Pemerintah Rusia telah memberlakukan larangan sementara ekspor sebagian besar solar, bensin, dan bahan bakar jet untuk memperkuat pasokan dalam negeri. Namun, beberapa wilayah tetap harus menerapkan pembatasan (jatah) bahan bakar.
Sejak akhir Agustus, Rusia telah meningkatkan frekuensi serangan udaranya terhadap Ukraina, khususnya ibu kota Kyiv, dengan menggunakan drone bertenaga jet yang lebih sulit dicegat. Strategi ini telah meningkatkan risiko jatuhnya korban sipil.
Kemampuan militer Ukraina terus meningkat, termasuk efektivitas serangan terhadap kilang minyak Rusia, menurut IEA.

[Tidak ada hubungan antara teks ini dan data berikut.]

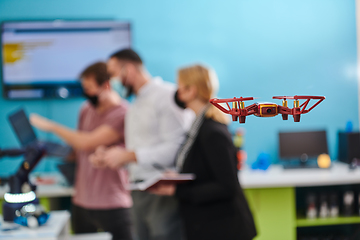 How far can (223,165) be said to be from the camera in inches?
52.4

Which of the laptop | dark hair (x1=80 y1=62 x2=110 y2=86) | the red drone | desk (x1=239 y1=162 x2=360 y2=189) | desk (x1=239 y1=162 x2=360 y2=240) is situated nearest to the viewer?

"Pasukan Ukraina melancarkan serangan drone dalam beberapa gelombang terhadap satu lokasi sasaran, sehingga melumpuhkan kapasitas jaring pelindung dan pertahanan udara," sebut laporan itu. "Penentuan target juga tampak lebih presisi."

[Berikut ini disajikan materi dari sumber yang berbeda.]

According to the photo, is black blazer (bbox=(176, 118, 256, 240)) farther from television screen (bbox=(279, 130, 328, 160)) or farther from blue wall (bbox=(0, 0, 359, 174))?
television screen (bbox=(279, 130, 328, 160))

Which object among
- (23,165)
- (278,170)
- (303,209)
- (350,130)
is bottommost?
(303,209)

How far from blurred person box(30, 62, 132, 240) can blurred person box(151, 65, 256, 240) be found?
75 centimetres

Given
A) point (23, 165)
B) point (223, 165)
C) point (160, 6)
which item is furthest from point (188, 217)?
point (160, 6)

Drone kini menyerang unit pengolahan sekunder di kilang-kilang Rusia, yang menurut perkiraan IEA mungkin membutuhkan waktu enam hingga delapan bulan untuk diganti.
Sanksi internasional terhadap industri energi Rusia membatasi akses mereka terhadap peralatan pengganti, sehingga semakin mempersulit proses perbaikan.
IEA juga telah menurunkan perkiraan pasokan minyak mentah Rusia untuk tahun 2026 sebesar 125.000 barel per hari menjadi 8,7 juta barel per hari di tengah penurunan kapasitas pengolahan kilang.